Yeong Lin Pleads Guilty to Federal Charge of Trade Secrets Theft of Corning Blueprints

By Todd
CNNMoney.com is reporting that a California man admitted Tuesday to conspiring to steal highly valuable flat-panel-glass blueprints from Corning Inc. and turn them over to a rival business in Taiwan.

Yeong Lin, 67 years old, of Fountain Valley, Calif., could get up to five years in prison after pleading guilty to a federal charge of theft of trade secrets. Sentencing was set for Sept. 14.
While working as a consultant for Taiwan-based PicVue Electronics Ltd., prosecutors allege Lin put PicVue officials in contact with a Corning employee who offered drawings he had illegally obtained from his employer, which is based in western New York.

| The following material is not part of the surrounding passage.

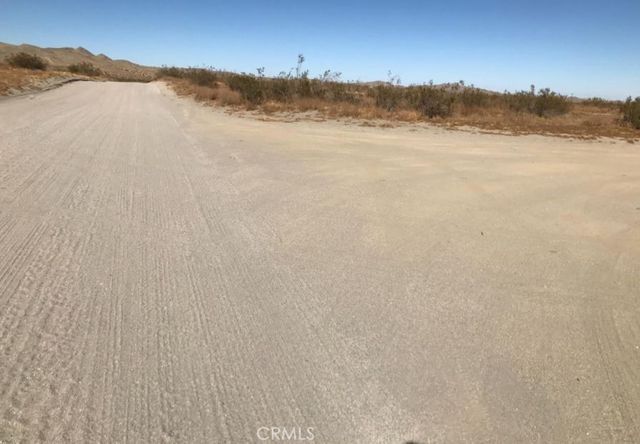 Sonora Road, Adelanto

Jonathan Sanders, who worked at a Corning glassmaking plant in Harrodsburg, Ky., pleaded guilty last year and drew a four-year sentence and a $20,000 fine. He admitted stealing the blueprints of Corning's liquid-crystal-display glassmaking process and selling them to PicVue for $34,000 in 2000.

The materials, which were returned to Corning after it sued PicVue, were valued at more than $100 million, prosecutors said. PicVue, which later declared bankruptcy, had intended to use the technology to manufacture thin-filter- transistor LCD glass and compete with Corning, prosecutors said.

Defense attorney James Harrington described Lin as "a small player in this" and noted that no PicVue officials in Taiwan were charged even though at least one of them owns property in the United States.

Corning is the world's biggest maker of ultra-thin LCD glass for flat-screen televisions and computers. The specialty glass accounts for the bulk of its profits, which reached $327 million in the first quarter.

Sanders, of Lawrenceburg, Ky., said he found the documents at the Harrodsburg plant in 1999 in a hopper containing confidential material that was to be destroyed.

PicVue engineers took digital photographs of the blueprints, which described a proprietary glassmaking process called "fusion draw," and downloaded the pictures to a disk that was taken to Taiwan, court records showed. The original blueprints were then destroyed.

Corning learned about the theft in 2001 and notified the FBI, which began an investigation that led to the arrests of Sanders and Lin in 2005.